Most repairs are handled at one of two locations, said Knaak, which allows the company to work with a vendor that has an understanding of fleet services. “There are required services, and there are suggested services. As a vehicle ages, it’s important to have an understanding with your repair shop as to what’s needed and what’s suggested. Any item related to safety should never be compromised.”

Technicians at Flock’s Heating and Air Conditioning live and work in a rural area, so they take their trucks home at night and are responsible for keeping their vehicles clean and maintained on time. “They lose the benefit of taking the vehicles home if they don’t take care of them,” said Flock.

This has not been a problem, said Flock, as vehicles under warranty are taken to the dealer they were purchased from. After that, technicians normally have service performed by a repair shop near their homes so it’s convenient for them to drop off the vehicle on a Saturday. “We also try to use repair shops that have us do their HVAC repair and installation work.”

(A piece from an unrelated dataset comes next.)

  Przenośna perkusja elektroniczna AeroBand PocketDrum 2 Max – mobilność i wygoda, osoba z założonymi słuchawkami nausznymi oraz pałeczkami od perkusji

To keep track of his fleet and make sure it’s safe and secure, Knaak relies on a GPS system, which is used in about 70 percent of company vehicles for dispatching and sending assistance as well as ongoing monitoring. “The dashboards are accessible by management through a smartphone or PC, so vehicle details are always readily available.”

Walsh also uses GPS to track maintenance and monitor driving habits. “Items like GPS, backup sensors, backup cameras, and other items add to the upfront costs of our vehicles, but we think they pay for themselves in the long run.”

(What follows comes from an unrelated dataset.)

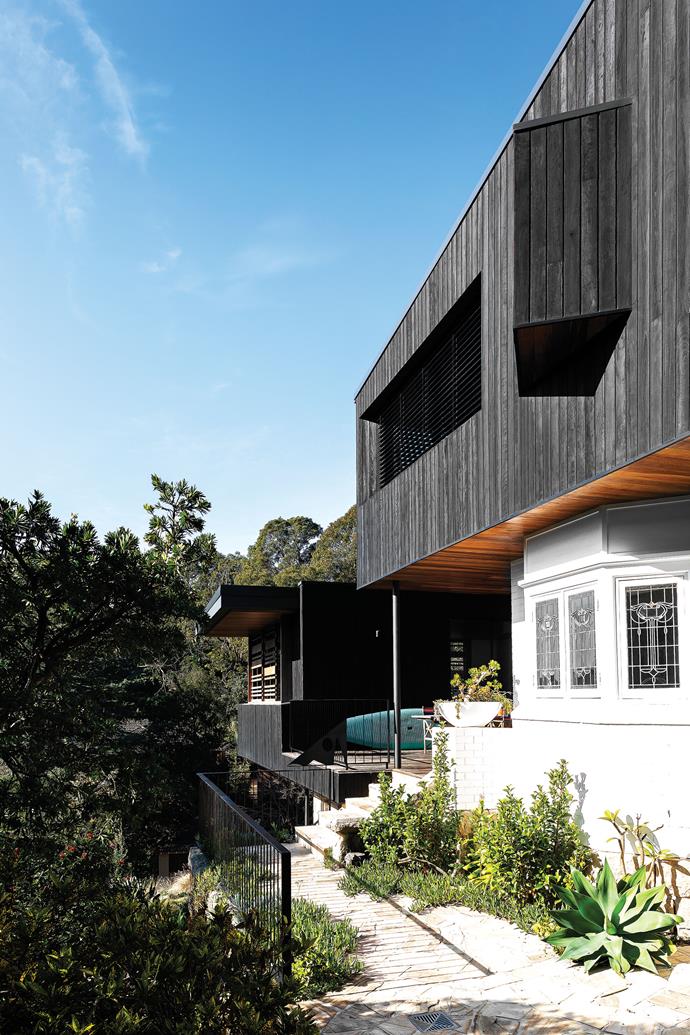 **FRONT:** The owner, architect Alexandra Mowday, redesigned the home with an upper floor to capture views and breezes. The charred timber cladding was supplied by [Eco Timber Group](https://www.ecotimbergroup.com.au/|target="_blank"|rel="nofollow"). Manna Landscapes reworked the garden from a design by Emily Simpson.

SIDEBAR: Keeping Vehicles Safe and Sound

The value of stolen vehicles and inventory does not take into account the significant costs associated with theft, especially if you are a contractor. Along with the painstaking process of filing reports with police and insurance agencies, there’s also a significant loss in job productivity, a void in transportation methods, and added business expenses to replace. Thus, securing vehicles and tools at all times needs to be a priority for contractors.

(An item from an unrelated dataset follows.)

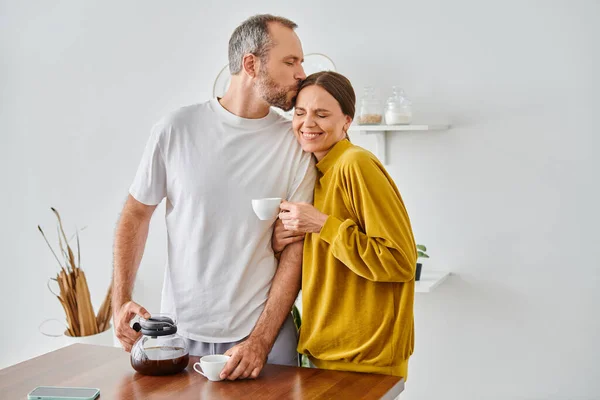 Husband kissing head of cheerful wife near fresh aromatic coffee in kitchen, child-free couple — Stock Photo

It’s imperative that contractors protect their assets by locking all equipment when not in use, and, if possible, keeping inventory in a location that is off the street, such as a locked shed. The job site itself should also be secured, either leveraging secure fencing, posting no-trespassing signs, or employing a security guard to patrol the area on holidays and/or weekends. Contractors also need to keep in close contact with local police so they are aware of the area and can be monitoring it during off hours. Trucks should remain locked when not in use, and employees should never leave the keys inside or nearby the vehicle. It sounds obvious, but more than 40,000 vehicles were stolen last year with their keys in them, according to the National Insurance Crime Bureau.

Contractors also need to be aware of the surrounding areas to understand the risks regarding theft and must be vigilant where the risk is higher. States like California and Texas have the highest rates of equipment theft. In addition, booming housing markets can also impact theft as a lot of equipment is available for thieves to target. Newer equipment has an increased risk of being stolen because of its resale value. According to LoJack’s “Annual Construction Equipment Theft & Recovery Report,” 54 percent of equipment stolen and recovered in 2014 was less than 5 years old.

Contractors may also want to invest in a telematics device, like LoJack Fleet Management, which can help alert owners to unauthorized use during off-hours and give them a jump on reporting the situation to law enforcement. To complement telematics, contractors may also consider adding a vehicle recovery device, like LoJack Stolen Vehicle Recovery System, which can help law enforcement find and recover stolen vehicles and equipment.

Above all else, contractors must remain constantly vigilant when it comes to making sure their vehicles are kept safe and sound.